By Neha Gazula, BEng Biomedical Engineering, Department of Biomedical Engineering
Studying in London has always been a dream of mine from a young age. I was eager to go out and experience living in a big city where there are endless opportunities and things to do.
Having been brought up in the Middle East, the weather was definitely a big difference that I noticed. I was not used to having different seasons and dealing with the cold during the winter, but it was change that I embraced – it was nice having some kind of variety instead of the same heat every single day. I was also taken aback by how freely people discussed certain topics while also sharing their opinions, and the different kind of lifestyle that people led. There was more freedom which I was ready to integrate into my own life.
There was also more diversity not only in the city, but in the student body at King’s itself. Hence, I never felt like I was the odd one out. It was nice knowing that there were others in a similar situation to yours, or who had been in one and so were there to help you. This also made it exciting to meet new people as you end up learning something new about a different culture or place each time, and you always had something to talk about.

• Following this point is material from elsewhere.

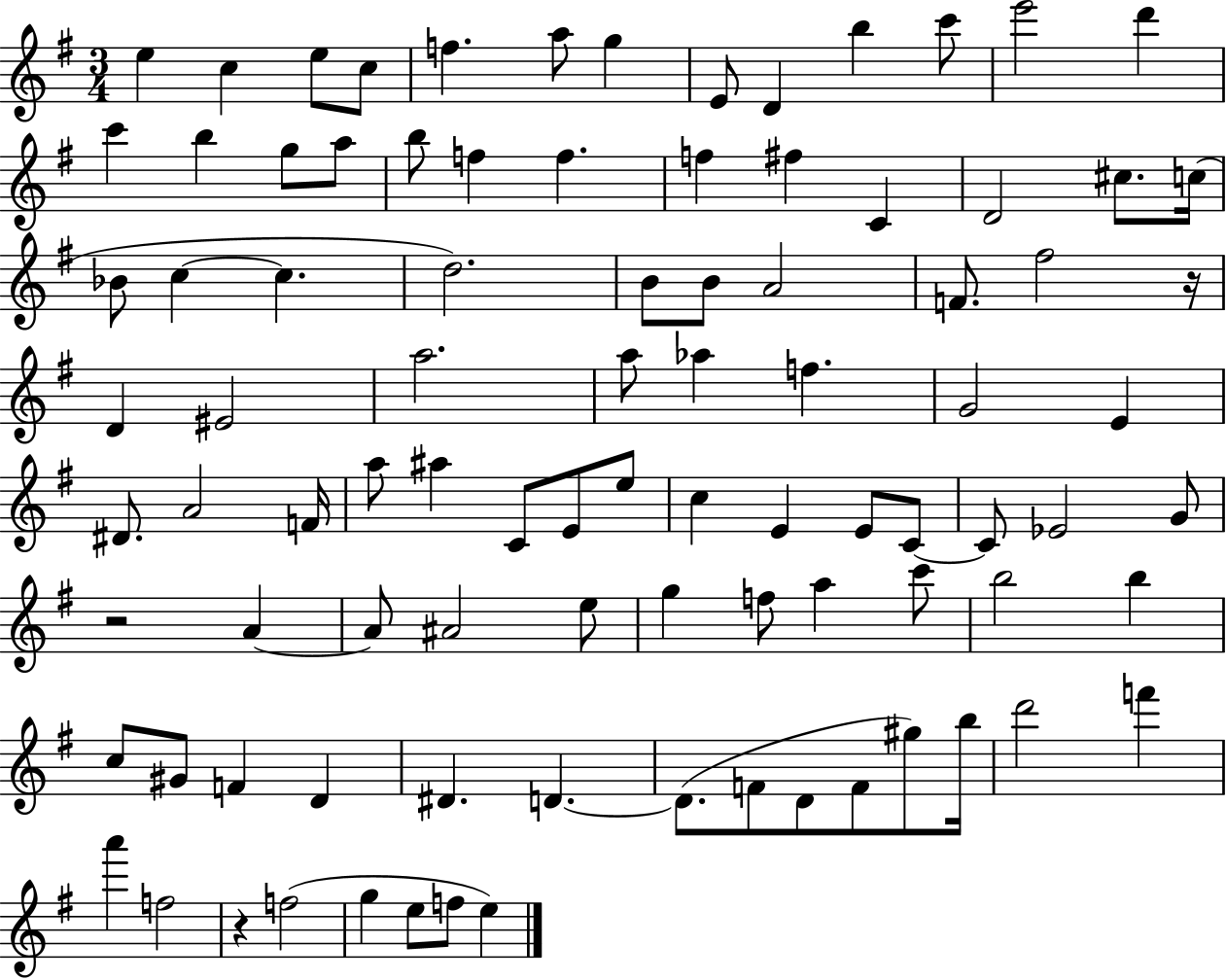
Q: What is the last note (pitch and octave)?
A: E5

Of course, being in a large city such as London meant that you would be able to find every kind of food that you could think of as well as some quirky ones that you didn’t know you needed in your life until you discover it! Being a foodie, this was certainly a huge perk for me. Food is definitely not an issue to worry majorly about. If you find yourself missing a certain food item from back home, you can definitely find something similar.
One tip I would give other international students is to do thorough research before you move to study at King’s. Ensure you create a checklist of all the things you require, as most of you would be moving away from living with your parents to being on your own; items such as medicines, stationery, and clothing to cover all British seasons. Create a separate checklist for the things that need to be done after moving into the city as well. For example, I would recommend getting a student Oyster card to travel on the buses and tube and a learner’s UK driving license which can be used as an ID instead of you carrying your passport around.
Settling into King’s as an international student was not a difficult task for me due to all the support I got. It’s been an exciting journey and I’m sure future international students would find it to be the same.